Segment Start: Information shown
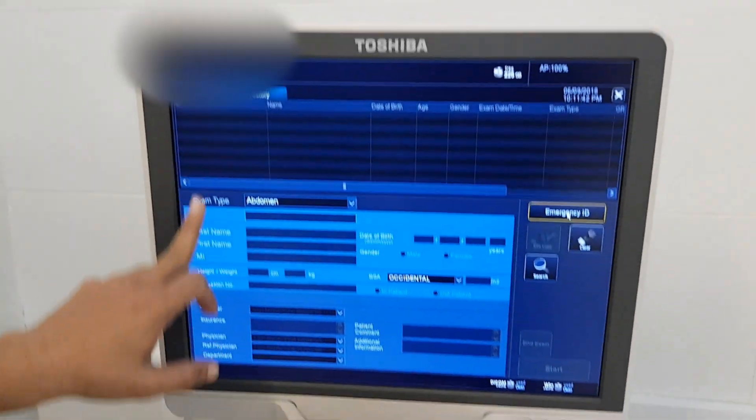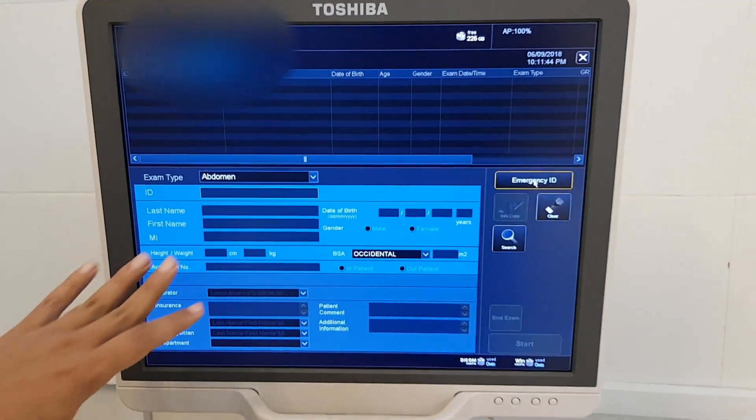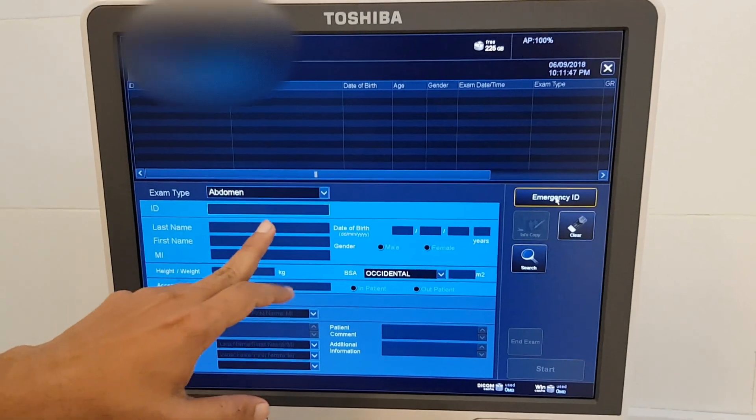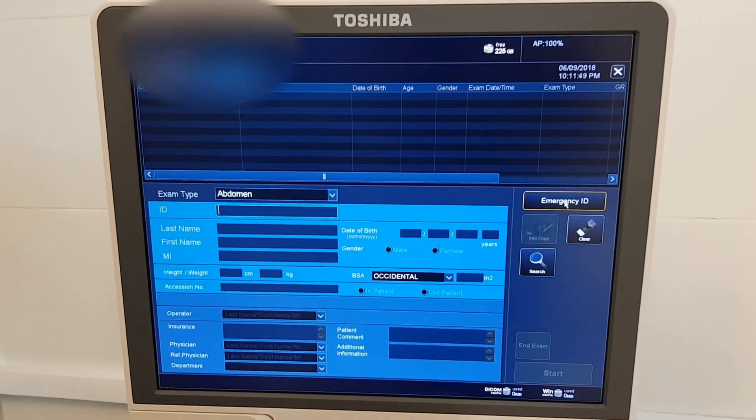This is the display screen — this is the patient information screen. You have the name of the patient, the hospital ID, and all of them are entered here.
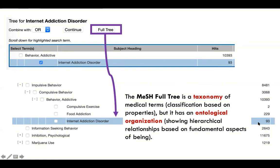Here's a nerdy aside that I think is useful: once you understand this, it'll be a lot easier to work with most thesauri. Every one of these thesauri gives you, at some point, a full tree view. Here I'm showing the full tree view for 'internet addiction disorder' in Ovid Medline — not PsycInfo, because it would be a lot bigger. What you get to see is that Medline covers a fair bit of psychology and neuroscience. The tree of terms behaves as a taxonomy — a classification based on properties of its members — with an ontological organization corresponding to our understanding of how these terms relate in real life.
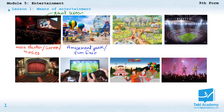And next to the fun fair, here we have — what do we call this? We see lots of wild animals, so this is the zoo.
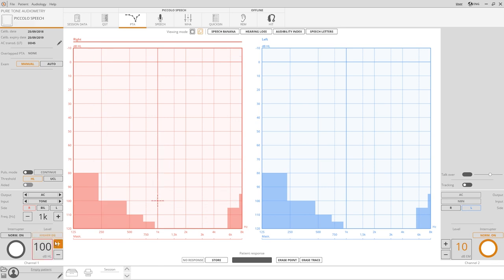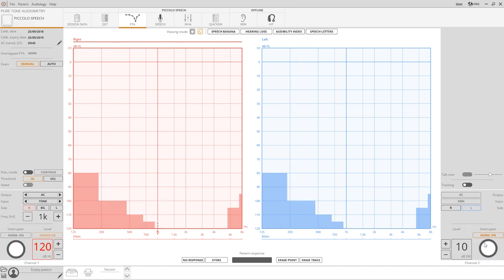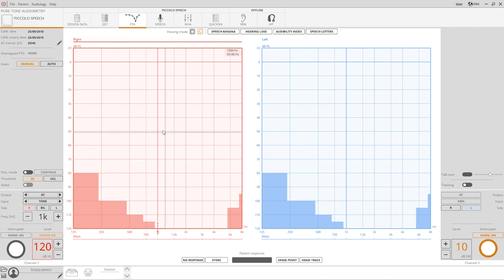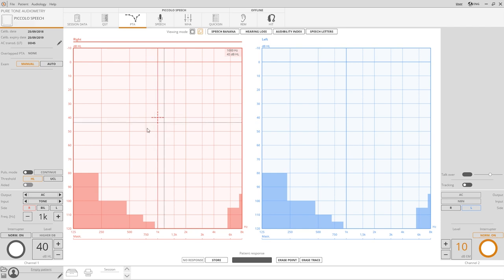Click on higher decibels to confirm the intention of testing intensities above this level. Interrupters are available for both channels 1 and 2. Simply move the cursor over to the circle on the screen or right-click on the area with the audiograms to send the stimulus.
Segment End: Information shown
### What this task involves
In your answer, copy exactly the lines running from the line with "Here's a nerdy" to the end of the material above, both included, and omit all pictures.

### Written answer
Here's a nerdy aside that I think is useful: once you understand this, it'll be a lot easier to work with most thesauri. Every one of these thesauri gives you, at some point, a full tree view. Here I'm showing the full tree view for 'internet addiction disorder' in Ovid Medline — not PsycInfo, because it would be a lot bigger. What you get to see is that Medline covers a fair bit of psychology and neuroscience. The tree of terms behaves as a taxonomy — a classification based on properties of its members — with an ontological organization corresponding to our understanding of how these terms relate in real life.
And next to the fun fair, here we have — what do we call this? We see lots of wild animals, so this is the zoo.
Click on higher decibels to confirm the intention of testing intensities above this level. Interrupters are available for both channels 1 and 2. Simply move the cursor over to the circle on the screen or right-click on the area with the audiograms to send the stimulus.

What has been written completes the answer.